13.02.2008

saint valentin 2004 2008

une chambre avec vue....vue sur les toits de cette ville...sur la cour intérieure quelques mètres en contre-bas....une table de nuit...la tienne pour ton reretour....tu m'as dit "cette fois c'est vrai, je reviens, je ne peux pas vivre sans toi"..c'était la veille de cette fête commémorative des serments sussurrés...dans la moiteur la chaleur de l'émoi...alors j'ai tout préparé pour ton reretour...j'ai eu très peur...une sorte de champignon terrifiant qui croissait dans mon ventre...une excroissance ....un bourgeon noir atrabilaire....côtoyait un arbre aux branches feuillues qui s'élançaient vers le ciel....j'ai cru être au bord du chemin forestier de là-bas où nous allions chaque vendredi matin ou mardi après midi nous balader avant le retour dans l'enceinte didactique....j'ai cru en toi en tes paroles....folle que j'étais moi qui sais combien sont trompeurs tous ces mots....mais j'ai cru saint valentin plus reretour c'était comme un signe du futur enfin visible après tant de brumes de brouillards de tempêtes dans mon âme...d'abandon....comment ai-je pu oublier tes revirements tes désordres tes déchirements...je revois les jours suivants puis le retour d'une fin de journée où j'ai compris que ce serait un reredépart....un abandon lâche sans explication autre que mon âge....qui allait être source de honte pour juju....que quelqu'un un jour te dise que tu es un vieillard indigne d'aimer....c'est vrai 14ans c'est une vie un abîme...abimée....c'est ce que je fus alors....abîmée dans mon être le plus profond...et puis comme tu me l'avais déjà expliqué qui savait si je n'allais pas déclarer quelque maladie cancerhonteuse....tant de maux blessants tant de questions sans réponse...

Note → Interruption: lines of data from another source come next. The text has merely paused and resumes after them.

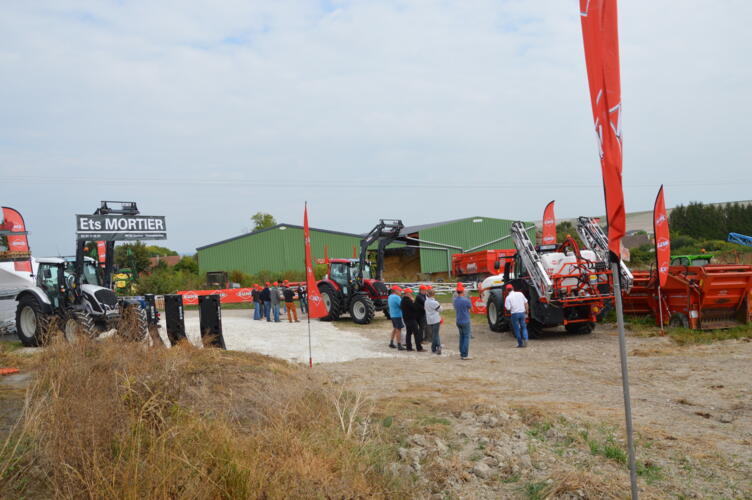 Mortier_Actualité - Journée pulvérisation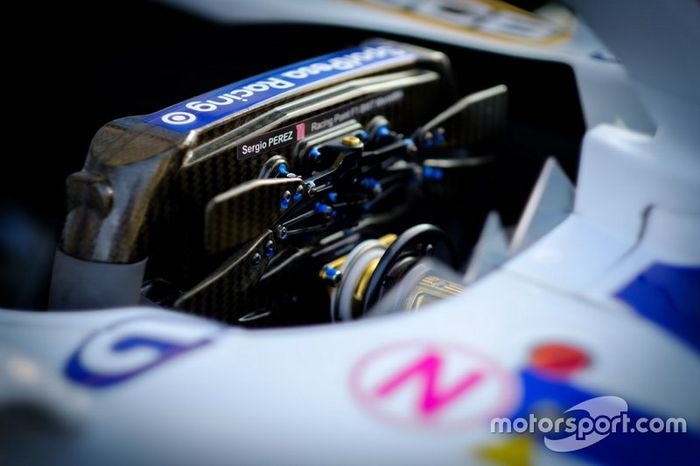 Sergio Perez, Racing Point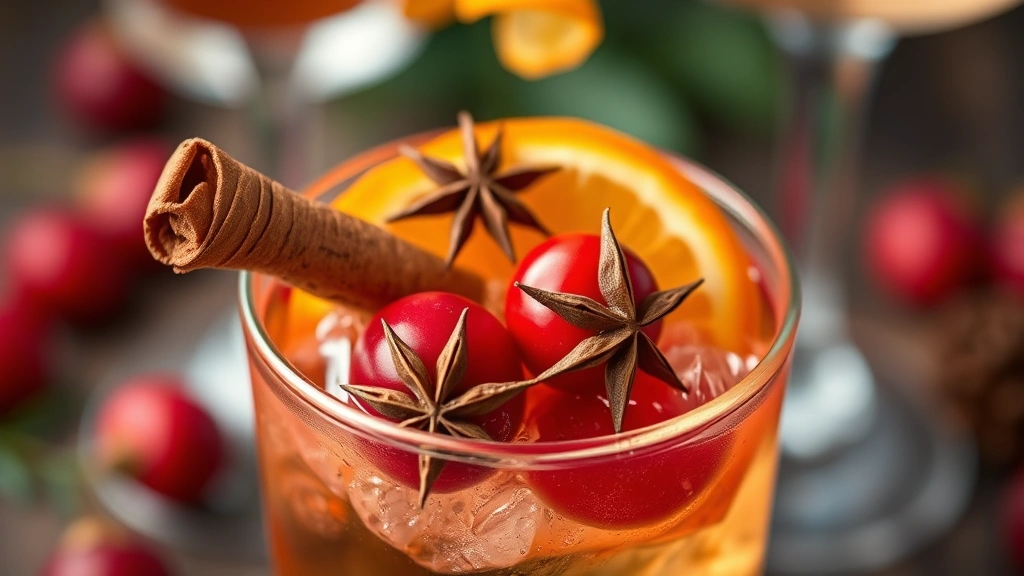 christmas cocktail recipes recipe photo 2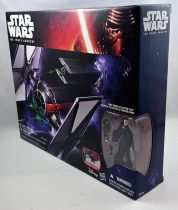 Star Wars - Le Reveil de la Force - First Order Special Forces TIE Fighter & Pilot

le temps a passé depuis...pas l'oubli...hélas....pas encore de maladie cancerhonteuse...mais qui sait à bien ressasser le passé...la honte ne saisit pas encore mon entourage...mes cinquante ans se portent comme il se doit...et mènent aux pauses...celle du corps que rend les armes...plus d'enfantement en vue...enfin...finies les journées à attendre au bord de la plage de pouvoir me jeter dans les vagues finies les douleurs qui gâchaient mes nuits et mes jours...je retrouve en quelque sorte le bonheur de mon enfance...les émois les attentes les rêves et presque dirais-je l'innocence...mais les yeux ouverts la connaissance du fond de l'homme...alors quelle innocence??? celle de mon âme d'avant de mes galaxies cette fois sans limites de mes aspirations à l'évasion...je voudrais tant voir Syracuse...ah non...je voudrais tant revoir Syracuse Taormina...Naples les soirs d'embarquement...les rivages d'ithaque au moment d'arriver au port au petit matin...les rues de Florence ou de Rome à la nuit tombée...j'aime tant la nuit.....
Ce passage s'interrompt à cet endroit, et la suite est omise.